John Slattery stars in the Fox series

 John Slattery stars in the Fox series "NeXt."  

SERIES "NeXt"

WHEN|WHERE Premieres Tuesday at 9 p.m. on Fox/5

WHAT IT'S ABOUT Silicon Valley pioneer Paul LeBlanc (John Slattery) thought he had shut down a potentially dangerous artificial intelligence application before he was forced out of the company he founded. But when FBI agent Shea Salazar (Fernanda Andrade) asks him about some mysterious code involved in a possible murder, he realizes that so-called "neXt" — which he created — is still up-and-running. More ominous still: It may also be running amok while getting smarter by the minute.

MY SAY "NeXt" has the distinction of being one of the first new series of this deferred 2020 fall season and the first regular series role for Slattery since "Mad Men" wrapped in 2015 (besides playing Phyllis Schlafly's husband in the recent Hulu limited series "Mrs. America").

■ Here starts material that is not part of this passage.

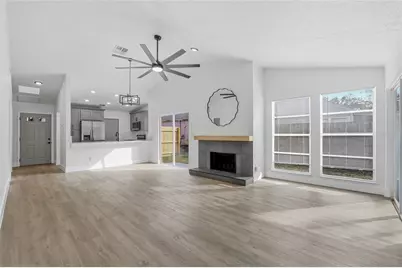 9478 Forest Hills Circle, Tampa, FL 33612 - Photo 11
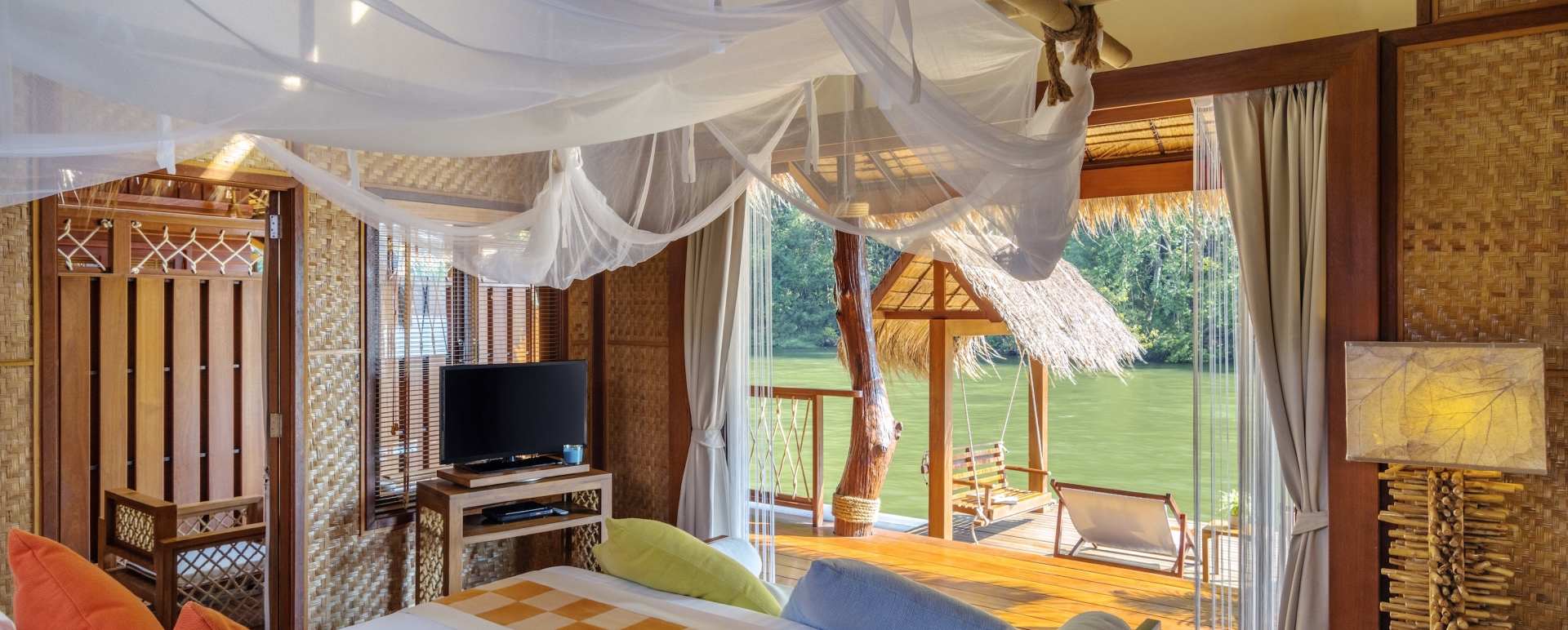 Villa & Deck - Floathouse Kanchanaburi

And one more distinction: This comes from Manny Coto, who has produced some of the most influential TV of this still-young 21st century, including "Star Trek: Enterprise" and "24."

While the honor roll ends there, these are not insignificant and possibly auspicious. "NeXT" was supposed to launch late spring but instead joined some other stockpiled Fox series like "Filthy Rich" and "Cosmos: Other Worlds" which laid the groundwork for the only mostly-all-originals premiere week of the fall in late September.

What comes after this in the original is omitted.